(Assignment):
Beginning with the line that holds "Batik Sungudi One Side Border - Pink" and ending with the last line of the entries below, copy every line exactly and nothing else, with the pictures left out.

Web page caption snippets:
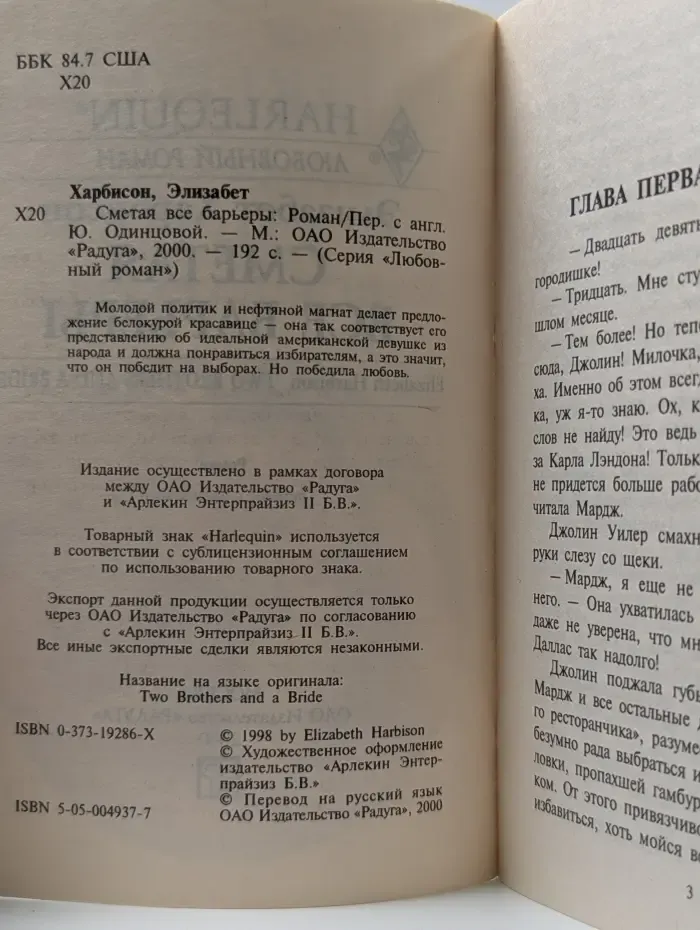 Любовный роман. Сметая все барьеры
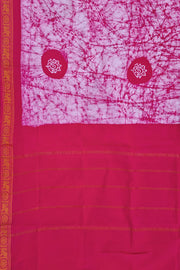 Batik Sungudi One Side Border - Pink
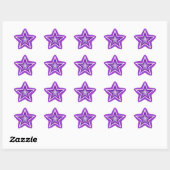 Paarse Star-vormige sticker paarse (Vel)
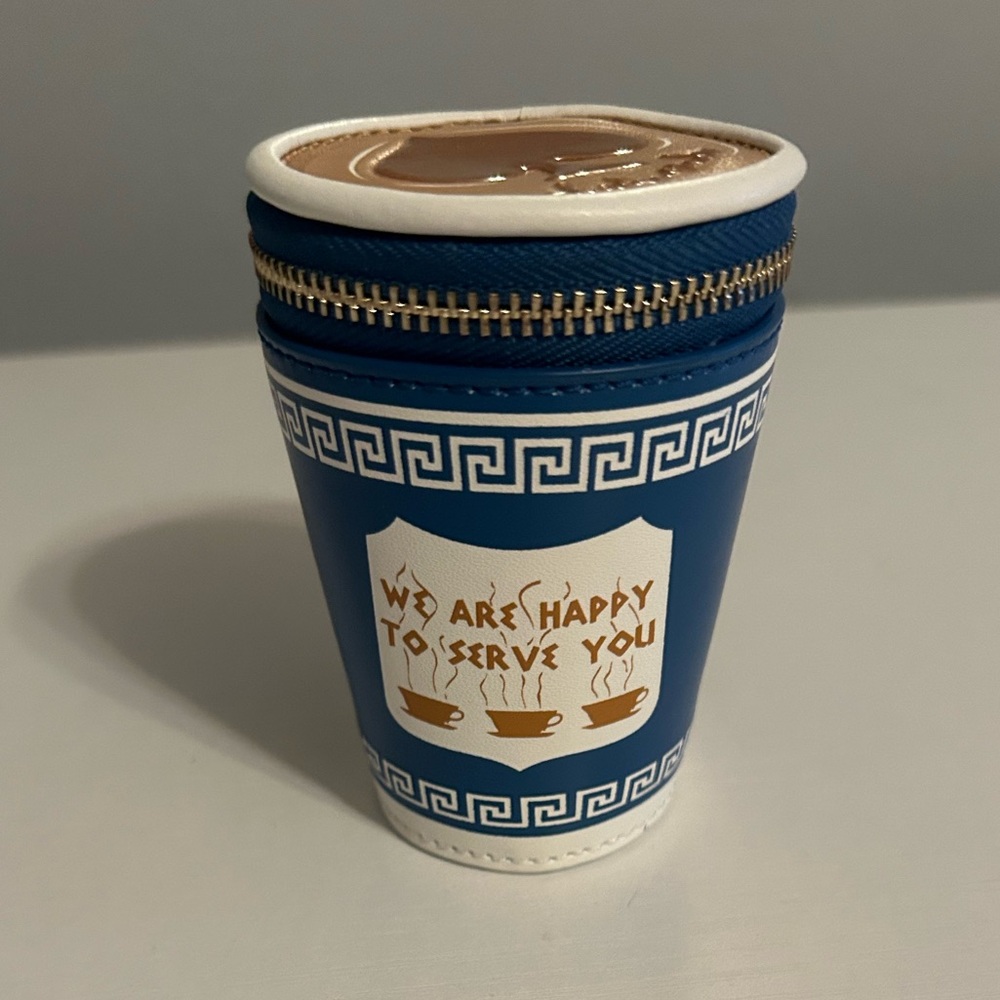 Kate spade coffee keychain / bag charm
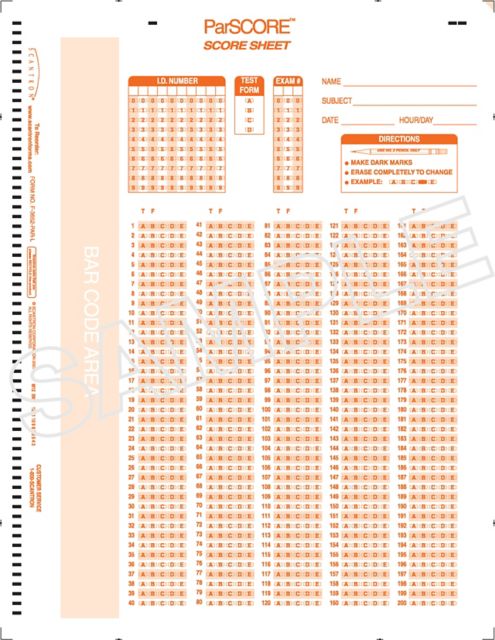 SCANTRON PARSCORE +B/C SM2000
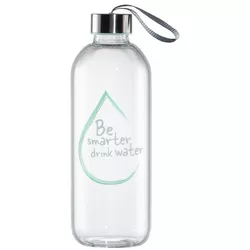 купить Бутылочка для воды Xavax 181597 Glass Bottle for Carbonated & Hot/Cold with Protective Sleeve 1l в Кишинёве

(Result for this exercise):
 Batik Sungudi One Side Border - Pink
 Paarse Star-vormige sticker paarse (Vel)
 Kate spade coffee keychain / bag charm
 SCANTRON PARSCORE +B/C SM2000
 купить Бутылочка для воды Xavax 181597 Glass Bottle for Carbonated & Hot/Cold with Protective Sleeve 1l в Кишинёве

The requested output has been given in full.